What if the Disney company adapted Mary Poppins in a way which was approved of by P.L. Travers, the book's author? Namely kept it from being a musical, removed all animation, and kept the characters similar to the book, etc.? How does this effect Walt Disney's last great film?
 
What if the Disney company adapted Mary Poppins in a way which was approved of by P.L. Travers, the book's author? Namely kept it from being a musical, removed all animation, and kept the characters similar to the book, etc.? How does this effect Walt Disney's last great film?
It would star an emotionally-depraved sociopath:p
 
Forgive the probable obvious question, but just what are the differences? I have not seen the movie in a long time, and never read the book. Any assistance would be appreciated. :confused:
 
There's a lot more Orson Welles/Mary Poppins" connection than you would suspect. It could have gone another way.
 
Disney did what he wanted to do and had no interest in the originals. I loved the Jungle Books as a child and am really annoyed with what he did with Kipling. An Orangutan in India was about the last straw for me.


Just read a bit on Mary Poppins

"..re, Mary Poppins—the real one—possesses few of the personality traits (kindness, gentleness, humility, suggestibility, attachment) that traditionally have been associated with ideal womanhood in Western societies. Yet despite of this, and perhaps because of this, her performance of motherhood reigns supreme. Despite what could be construed as a severe lack of empathy (and minus the implied innate goodness, possible sociopathy), MP channels efficiency like no one else. When she enters the chaotic Banks household, order and structure win the day.."
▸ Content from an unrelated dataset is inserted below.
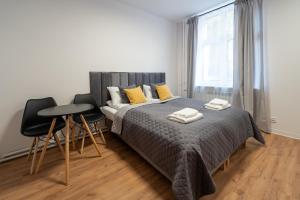 a bedroom with a bed and two chairs and a window at Apartamenty Słowackiego 16 in Poznań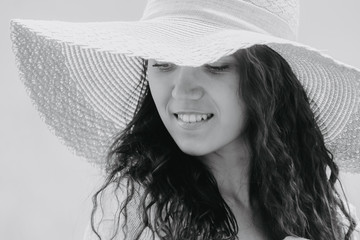 Black-white portrait of a beautiful Russian young woman close-up in a straw hat and long curly hair, a woman smiles while hiding behind a hat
"...In Myth, Symbol, and Meaning in Mary Poppins, Giorgia Grilli compares Mary Poppins to the Victorian dandy, whose antisocial tendencies and open revulsion with others “established a distance between himself and the somewhat distasteful world of those surrounding him.” Like the dandy, who protests a “ready-made world of predictability and control,” MP often distinguishes herself from the Banks family and other mortals (more than once, it is implied that she is immortal). Grilli goes on to argue that Mary Poppins’ pristine outward presentation is “no mere aesthetic attitude” but rather a “form of ceremony” intended to “subvert…[the] small-mindedness” of those living in the conventional world..."
 
Welles's Mary Poppins instead of Citizen Kane? I 'd love to see that! :p

The director, Robert Stevenson, also did "Jane Eyre", with Joan Fontaine as Jane and Orson as Rochester. He could do dark movies. I was actually picturing Orson doing his Harry Lime character from Third Man in the Dick van Dyke chimney sweep role, but lurking in alleys rather than roof tops. Jane Eyre isn't a musical, but I suppose it could be.